Premier Scott Moe and Dr. Saqib Shahab, the province’s chief medical health officer, have both emphasized that the disappearance of restrictions does not mark the disappearance of COVID-19.

Cordell Neudorf, a University of Saskatchewan professor of community health and epidemiology, called the next few months a “transition time” as people return to normal life, but cases of COVID-19 continue to be reported. Now that people are allowed to gather without limits and without masks, Neudorf expects to see clusters of new cases emerge, especially among young people, who are less likely to be vaccinated.

What should normal life look like in a province without restrictions, but where COVID-19 is still very much present?

For starters, talking about vaccine status needs to become normal, said Nazeem Muhajarine, who is also a U of S professor of community health and epidemiology.

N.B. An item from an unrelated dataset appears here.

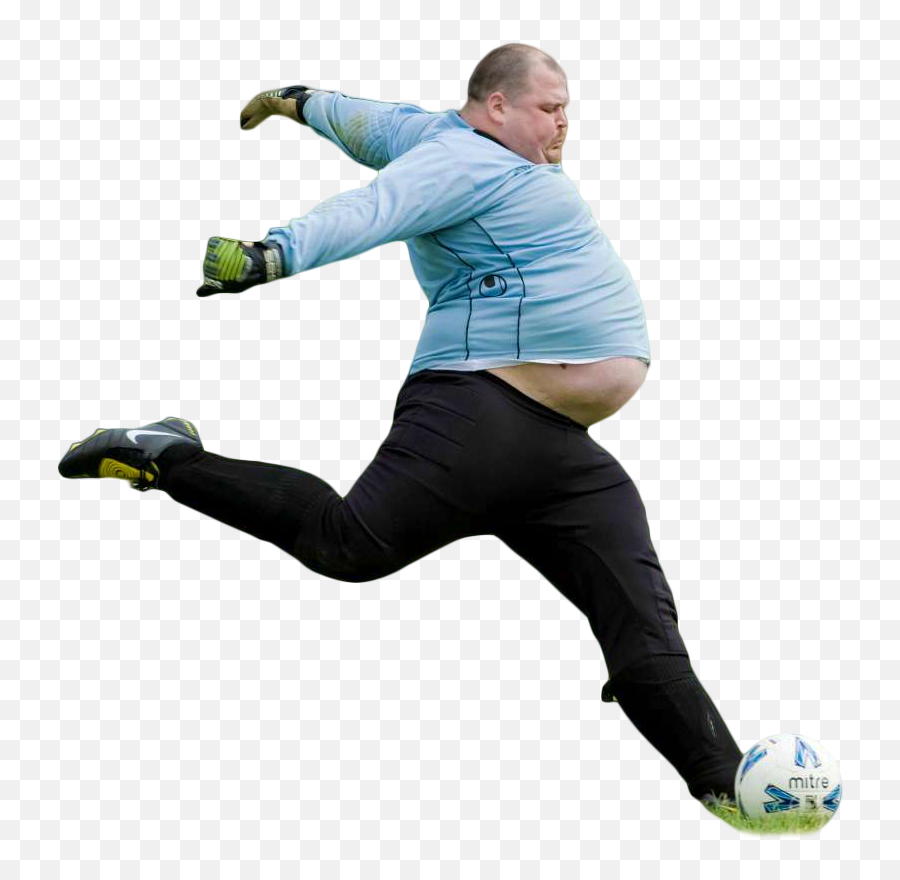 Fat Guy Png - Graceful Majestic Large Fat Man Kicking Soccer Person Kicking Soccer Ball,Soccer Ball Png Transparent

“We have to really normalize getting a vaccine in this province and in this country. It should not be a secret,” Muhajarine said, noting that sharing vaccine information helps people make informed decisions about how they want to socialize.

“You should be glad that you’re fully vaccinated because what you’re saying is that you are safe.”

But making decisions based off of vaccine information isn’t a possibility in large crowds.

In those spaces, Neudorf said the best personal protection is obviously to be fully vaccinated. Choosing to wear a mask, maintaining physical distance and sanitizing your hands often can serve as additional layers of protection.

Check what your workplace is doing, as some are choosing to keep certain restrictions like masking. When going to a business or event, Neudorf encouraged people to follow the rules laid out by that business.

“Some businesses are choosing to maintain certain restrictions and that is an individual business’ decision to make and they have reasons for doing that,” he said.

Without government restrictions, Muhajarine said some of the responsibility now falls on employers and event planners to keep their customers and staff safe.

“Encourage people to take precaution rather than actually sort of throw caution to the wind at this time,” he recommended.

Staying home when sick also needs to remain common practice, and anyone with symptoms should continue to be tested for COVID-19.

Shahab said during a Wednesday news conference that heading out to work or social events like birthday parties while feeling under the weather is still not a good idea.

“That’s what needs to be different this year,” he said.

The Saskatchewan Health Authority is continuing its testing, contact tracing and vaccination efforts.

Muhajarine and Neudorf stressed the importance of more people continuing to get both their first and second shots. While

Saskatchewan sat at 72 per cent of its population 12 and over with a first dose as of Friday, both wanted to see that number rise to between 80 and 85 per cent to really kick COVID-19 to the curb.

Neudorf also recommended that people stay on top of the number of new cases being reported in their region to watch for nearby outbreaks.

“There may be times when it’s more important to still be wearing a mask and doing physical distancing in certain communities just because we’re having a bit of an upsurge,” he said.

“It’s not just open season. We haven’t magically gone back to zero risk. We’re just at a lower level of risk than we were before, so there are still things you can do. It’s still in your control to avail yourself of those protective measures that you can adopt personally.”